- Born: 2005 (age 20–21) Chennai, India
- Education: Jumeirah College, United Arab Emirates
- Occupation: climate activist
- Awards: 100 Women (BBC) (2023)

= Sagarika Sriram =

Indian climate activist

Sagarika Sriram (born 2005) is an Emirati climate activist. She is an advocate for environmental rights as a member of the UN Committee on the Rights of the Child's children's advisory committee. In 2023, Sriram was added to the BBC's 100 Women list.

==Biography==
Sriram, who leads the climate movement from Dubai, UAE, originally hails from Chennai, India. At the age of 10, Sriram created the web portal Kids4abetterworld, which aims to educate kids worldwide and assist them in community sustainability projects, using her coding abilities. She supports this with environmental programmes that are offered both offline and online, showing kids how they can make a difference in climate change. Sriram was enrolled in the Johns Hopkins Centre for Talented Youth's (CTY) HTML coding and web design course. The project's ultimate outcome was realised in Kids For A Better World (K4BW).
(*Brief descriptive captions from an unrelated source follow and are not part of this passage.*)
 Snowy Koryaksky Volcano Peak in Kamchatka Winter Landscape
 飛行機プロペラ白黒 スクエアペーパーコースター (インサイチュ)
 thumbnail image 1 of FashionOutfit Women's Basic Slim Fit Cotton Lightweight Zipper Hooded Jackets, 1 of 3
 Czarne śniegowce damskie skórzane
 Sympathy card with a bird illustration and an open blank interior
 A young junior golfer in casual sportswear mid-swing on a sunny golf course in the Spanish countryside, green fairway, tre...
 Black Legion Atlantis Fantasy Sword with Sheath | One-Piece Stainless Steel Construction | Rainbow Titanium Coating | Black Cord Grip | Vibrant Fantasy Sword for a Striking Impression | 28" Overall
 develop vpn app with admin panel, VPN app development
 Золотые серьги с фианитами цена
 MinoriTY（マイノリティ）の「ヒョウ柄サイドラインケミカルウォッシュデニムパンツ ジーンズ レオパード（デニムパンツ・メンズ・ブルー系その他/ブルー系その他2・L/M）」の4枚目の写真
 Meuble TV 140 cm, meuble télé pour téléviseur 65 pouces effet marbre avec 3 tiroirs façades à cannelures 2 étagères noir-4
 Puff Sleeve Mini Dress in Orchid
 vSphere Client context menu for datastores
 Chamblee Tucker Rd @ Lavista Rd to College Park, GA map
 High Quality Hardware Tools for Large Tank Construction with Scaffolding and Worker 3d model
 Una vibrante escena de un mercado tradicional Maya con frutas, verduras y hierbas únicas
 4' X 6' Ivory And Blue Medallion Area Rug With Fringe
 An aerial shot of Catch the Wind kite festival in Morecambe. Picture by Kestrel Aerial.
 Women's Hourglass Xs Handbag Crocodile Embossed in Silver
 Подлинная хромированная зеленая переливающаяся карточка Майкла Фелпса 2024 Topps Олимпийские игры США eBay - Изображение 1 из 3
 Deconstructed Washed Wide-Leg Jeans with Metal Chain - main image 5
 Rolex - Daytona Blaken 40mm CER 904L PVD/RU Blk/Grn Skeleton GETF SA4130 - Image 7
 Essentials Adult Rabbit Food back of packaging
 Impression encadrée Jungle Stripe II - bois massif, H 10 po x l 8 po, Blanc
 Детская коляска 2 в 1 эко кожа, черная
Soon after, she realised that she wanted to make K4BW something that could be accessed by people all over the world K4BW conducted a series of Sustainable Summer Workshops to raise schoolchildren's awareness of climate issues. Sriram and her peers taught participants about the dangers of global warming and how to mitigate them.

In 2023, she was included in the BBC 100 Women list.